▶ _What to produce_
Note on the material below: return exactly the lines from the line that holds "And I can't" through the line that holds "Here we have", and leave out each picture.

▶ _Data shown_
━━━━━━

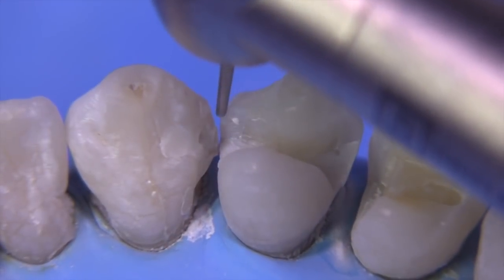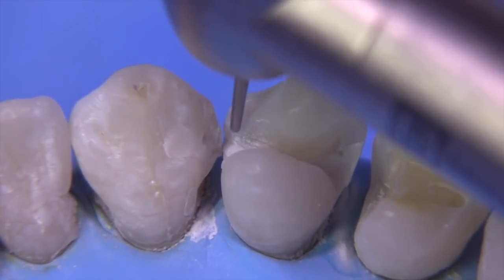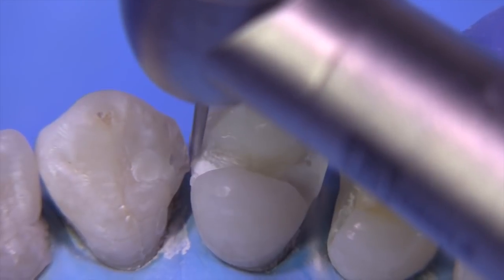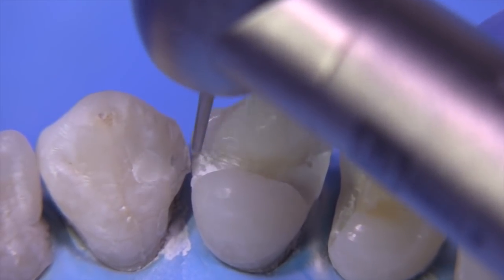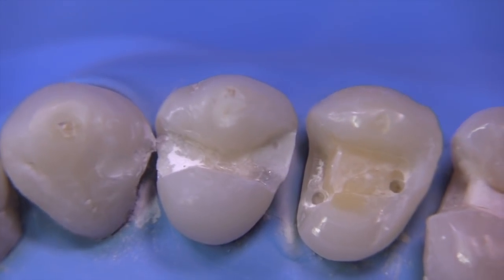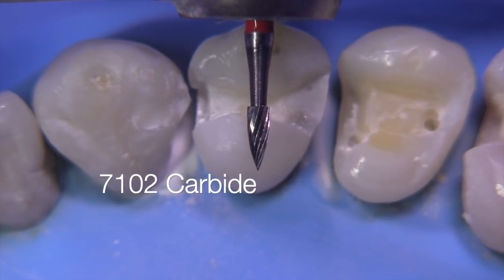This is the 169L because I want to go to a smaller burr when I'm breaking this mesial facial contact, just to barely get past there and keep that more conservative so that we don't show gold when the patient smiles. It's rare that I'm going to do an MOD on a maxillary first premolar clinically. Typically those cases get done with composite, but today we're doing gold.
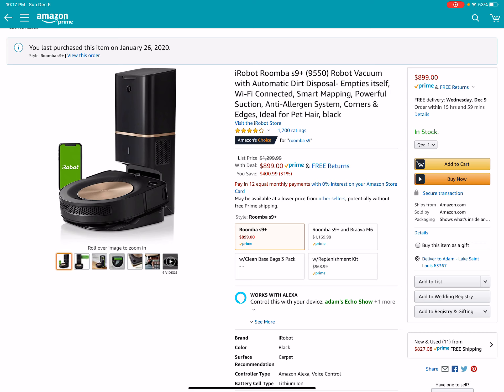And I can't wait to see what Roomba comes out with next. With this going on sale, I'm kind of thinking they might have a new robot in the works. I wish I knew, but I don't know for sure. Roomba, if you're watching, reach out to me. Let me know.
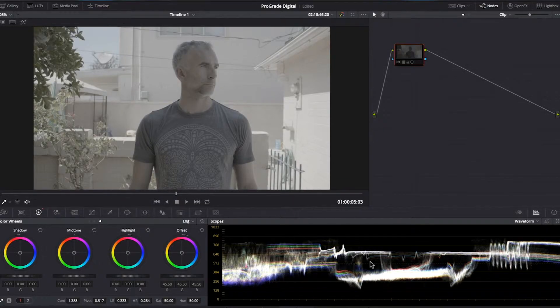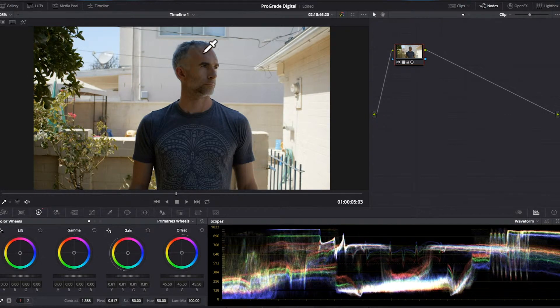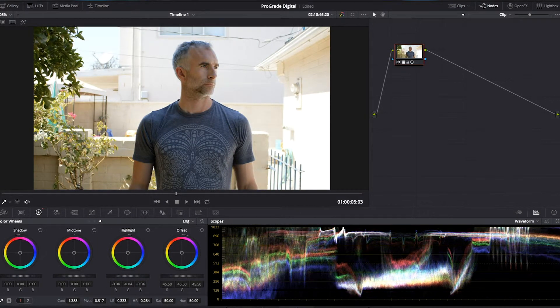Here we have a clip in log format that's properly exposed, but when we apply the manufacturer's Rec.709 lookup table or LUT, even though the skin looks nice, the added contrast has blown the highlights into white. We could use the main control here to bring the skies back into range, but that would make the skin darker than we want — after all, the face of the actor is where we want our focus. If we click over to this tab and drag just the highlights, we get skies that reappear but leave the mid-levels untouched.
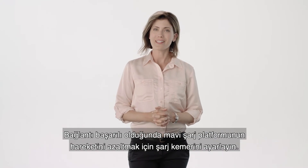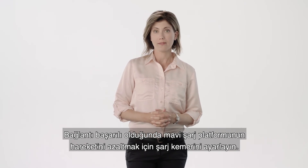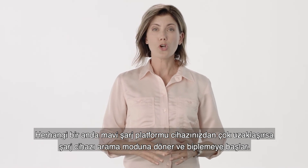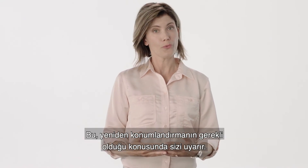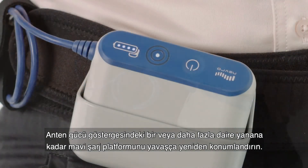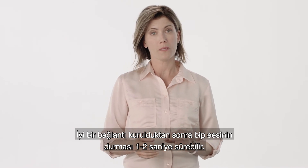Once connection is successful, adjust the charging belt to reduce movement of the blue charging pad. If at any point the blue charging pad moves too far away from your device, the charger will return to search mode and will begin beeping. This will alert you that repositioning is needed. Slowly reposition the blue charging pad until one or more circles on the antenna strength indicator are illuminated. Once a good connection is made, it may take one to two seconds for the beeping to stop.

━━━━━━

▶ _Response to this exercise_
And I can't wait to see what Roomba comes out with next. With this going on sale, I'm kind of thinking they might have a new robot in the works. I wish I knew, but I don't know for sure. Roomba, if you're watching, reach out to me. Let me know.
Here we have a clip in log format that's properly exposed, but when we apply the manufacturer's Rec.709 lookup table or LUT, even though the skin looks nice, the added contrast has blown the highlights into white. We could use the main control here to bring the skies back into range, but that would make the skin darker than we want — after all, the face of the actor is where we want our focus. If we click over to this tab and drag just the highlights, we get skies that reappear but leave the mid-levels untouched.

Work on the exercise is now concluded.